Repeat only the lines between the one with "El reproductor de" and the end of the material below, both ends included. Omit any picture.

RAW DATA:
=-=-=

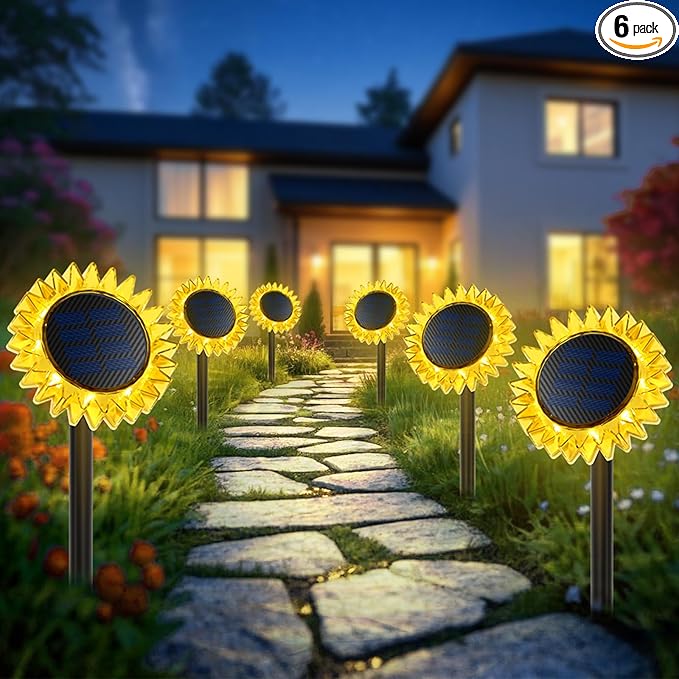Outdoor Solar Lights, 6 Pack Led Solar Sunflower Lights, Stake/Wall 2-in-1 Waterproof Solar Garden Lights for Yard, Landscape, Fence, Patio, Driveway, Pathway, Backyard Decoration (Warm White)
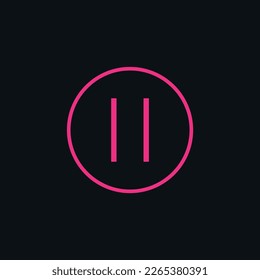 El reproductor de vídeo pausó el icono plano vector en color rosa aislado en el fondo negro.
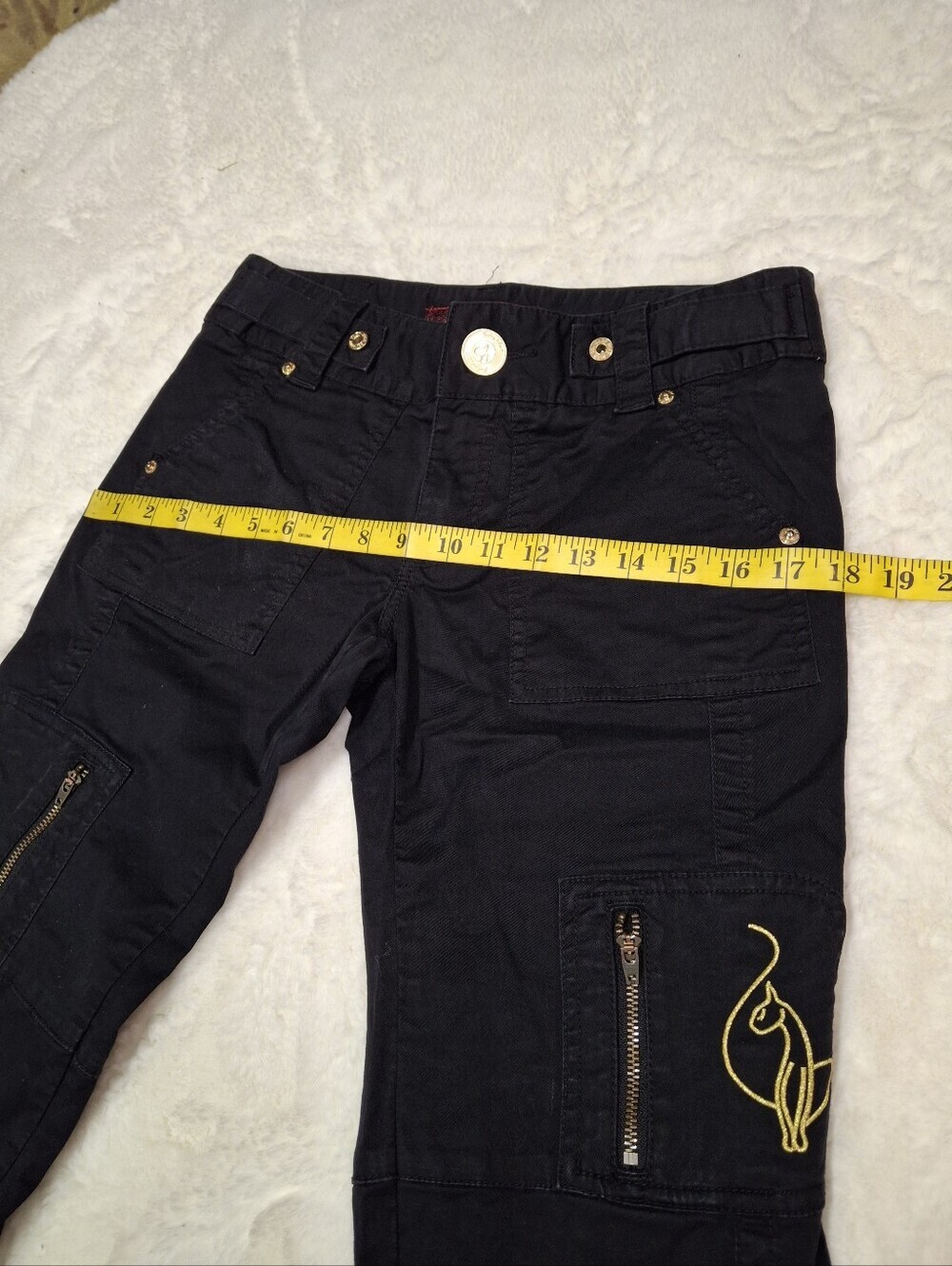 Baby Phat Ankle Drawstring Black Cotton Stretch Pants Women Size 5 / Waist 30 - Picture 13 of 16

=-=-=

EXERCISE RESPONSE:
 El reproductor de vídeo pausó el icono plano vector en color rosa aislado en el fondo negro.
 Baby Phat Ankle Drawstring Black Cotton Stretch Pants Women Size 5 / Waist 30 - Picture 13 of 16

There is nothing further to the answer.